→ **EXERCISE INSTRUCTIONS**
What are the lines of the listing below, word for word, from the first down to the one that contains "Holosun HE403C-GR Elite"?

+++ SUPPLIED ENTRIES

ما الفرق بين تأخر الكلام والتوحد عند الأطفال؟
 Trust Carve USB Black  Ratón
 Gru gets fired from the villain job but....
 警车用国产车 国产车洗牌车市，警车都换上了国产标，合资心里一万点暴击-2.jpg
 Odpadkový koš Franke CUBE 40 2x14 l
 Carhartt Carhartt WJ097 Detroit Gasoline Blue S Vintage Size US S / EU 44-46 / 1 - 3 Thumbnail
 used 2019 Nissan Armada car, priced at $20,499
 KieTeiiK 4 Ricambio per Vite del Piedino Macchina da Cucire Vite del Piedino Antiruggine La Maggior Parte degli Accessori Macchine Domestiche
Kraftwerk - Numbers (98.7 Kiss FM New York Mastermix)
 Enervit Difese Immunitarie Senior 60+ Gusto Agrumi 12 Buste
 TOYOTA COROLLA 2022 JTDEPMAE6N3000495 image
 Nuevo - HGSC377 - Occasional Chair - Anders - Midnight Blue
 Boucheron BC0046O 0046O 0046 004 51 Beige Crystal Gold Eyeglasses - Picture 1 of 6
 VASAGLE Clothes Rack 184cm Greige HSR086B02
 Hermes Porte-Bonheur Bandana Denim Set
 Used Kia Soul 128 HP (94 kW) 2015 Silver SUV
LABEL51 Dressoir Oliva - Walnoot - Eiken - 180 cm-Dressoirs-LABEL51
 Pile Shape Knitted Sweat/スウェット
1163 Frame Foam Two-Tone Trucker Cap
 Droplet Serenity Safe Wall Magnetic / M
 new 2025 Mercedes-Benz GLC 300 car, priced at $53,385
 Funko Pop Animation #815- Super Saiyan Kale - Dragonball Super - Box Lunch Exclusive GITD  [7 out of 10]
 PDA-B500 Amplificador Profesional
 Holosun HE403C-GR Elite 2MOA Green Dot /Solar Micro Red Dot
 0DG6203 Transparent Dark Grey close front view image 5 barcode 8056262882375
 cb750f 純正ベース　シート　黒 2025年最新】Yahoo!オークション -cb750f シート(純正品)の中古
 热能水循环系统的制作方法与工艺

++++++

→ **TASK OUTPUT**
ما الفرق بين تأخر الكلام والتوحد عند الأطفال؟
 Trust Carve USB Black  Ratón
 Gru gets fired from the villain job but....
 警车用国产车 国产车洗牌车市，警车都换上了国产标，合资心里一万点暴击-2.jpg
 Odpadkový koš Franke CUBE 40 2x14 l
 Carhartt Carhartt WJ097 Detroit Gasoline Blue S Vintage Size US S / EU 44-46 / 1 - 3 Thumbnail
 used 2019 Nissan Armada car, priced at $20,499
 KieTeiiK 4 Ricambio per Vite del Piedino Macchina da Cucire Vite del Piedino Antiruggine La Maggior Parte degli Accessori Macchine Domestiche
Kraftwerk - Numbers (98.7 Kiss FM New York Mastermix)
 Enervit Difese Immunitarie Senior 60+ Gusto Agrumi 12 Buste
 TOYOTA COROLLA 2022 JTDEPMAE6N3000495 image
 Nuevo - HGSC377 - Occasional Chair - Anders - Midnight Blue
 Boucheron BC0046O 0046O 0046 004 51 Beige Crystal Gold Eyeglasses - Picture 1 of 6
 VASAGLE Clothes Rack 184cm Greige HSR086B02
 Hermes Porte-Bonheur Bandana Denim Set
 Used Kia Soul 128 HP (94 kW) 2015 Silver SUV
LABEL51 Dressoir Oliva - Walnoot - Eiken - 180 cm-Dressoirs-LABEL51
 Pile Shape Knitted Sweat/スウェット
1163 Frame Foam Two-Tone Trucker Cap
 Droplet Serenity Safe Wall Magnetic / M
 new 2025 Mercedes-Benz GLC 300 car, priced at $53,385
 Funko Pop Animation #815- Super Saiyan Kale - Dragonball Super - Box Lunch Exclusive GITD  [7 out of 10]
 PDA-B500 Amplificador Profesional
 Holosun HE403C-GR Elite 2MOA Green Dot /Solar Micro Red Dot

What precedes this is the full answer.